Mr. Jon Jahren visited us yesterday, and we talked about SQL Server for 4 hours. It was fun, and very informative. I learned A LOT! In this blog I’ll try to sum up the most interesting discussions we had. We had a list of "questions" prepared for him:
– Tuning of (the setup of the) main SQL Server
– Specking new servers
– B-trees
– Mobile sync vs Replication
– Resource Governor
– Reporting Services

 

Tuning of (the setup of the) main SQL Server
First of all we logged on to the main SQL Server in Omega and started looking at hardware setup, settings on the server, database etc. The hardware setup was as it should be, but he explained a couple of settings that he recommended.
    "Boost SQL Server priority". This will, as it says, boost the priority of SQL Server on the CPUs. This should be turned off, because IF the server has some queries running 100% of the CPU you might not be able to log on to the server and kill those processes.

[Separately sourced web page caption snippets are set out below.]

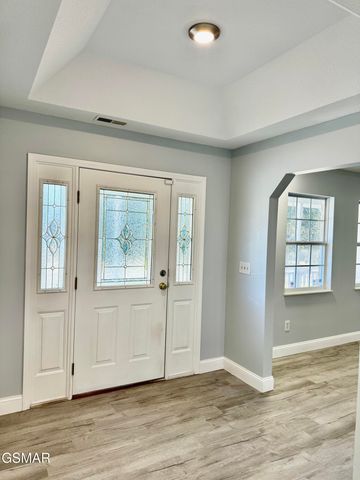 913 Columbine Lea, Sevierville, TN 37862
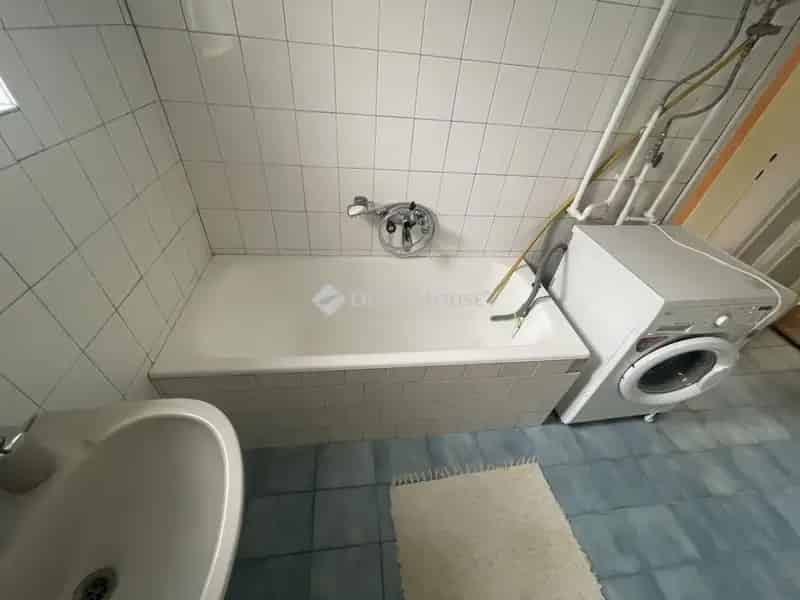 Ház Kiadó , Kecskeméti járás, Alföld és Észak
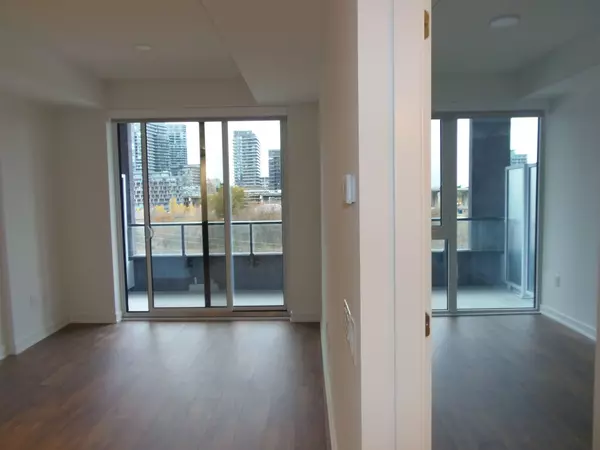 Toronto C01, ON M5V 3G4,9 Tecumseth ST #418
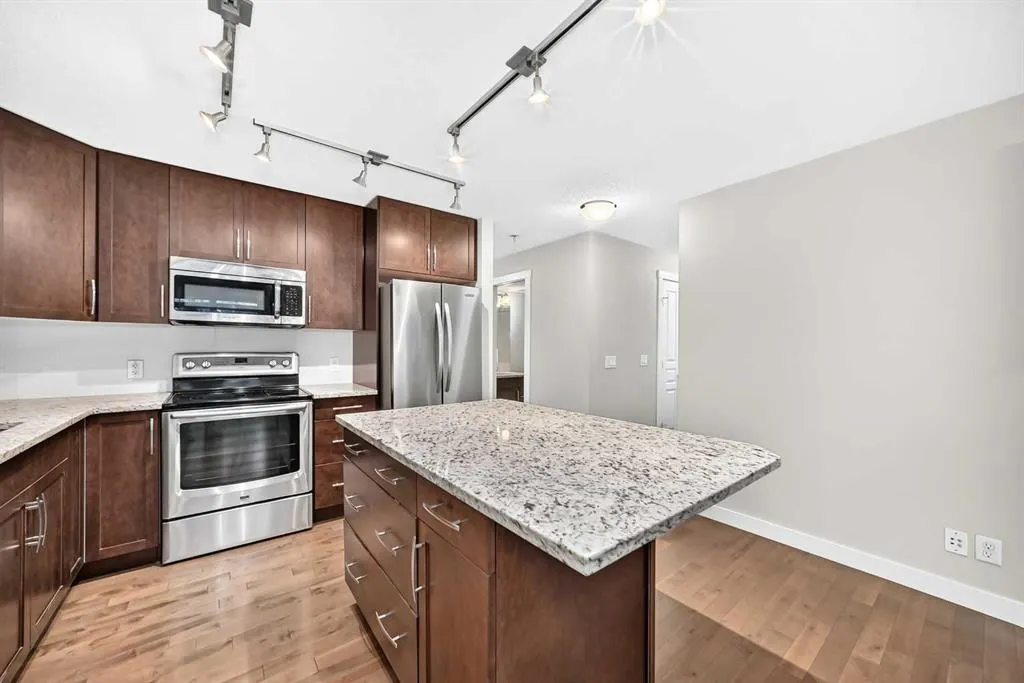 1042 Mckenzie Towne Villas SE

He also explained that if we had network related problems, it might be a good idea to uncheck one core pr CPU, to let them deal with OS-related stuff (network). That way, SQL Server will not try to use these cores and therefore not be put in a queue.
    Under security on the server, there’s a option called "Enable Common Criteria compliance". This is a security feature that makes SQL Server not only release memory but overwrite memory with white-spaces or similar. Many customers has this as a criteria when setting up SQL Servers, so be aware!
    Named pipes should be disabled when you’ve got more than 500 users because this might cause performance issues if there’s more than 500 connections!
    When we talked about hardware setup, he reminded us about the problems with RAID5 and said he was a member of BARF(.com)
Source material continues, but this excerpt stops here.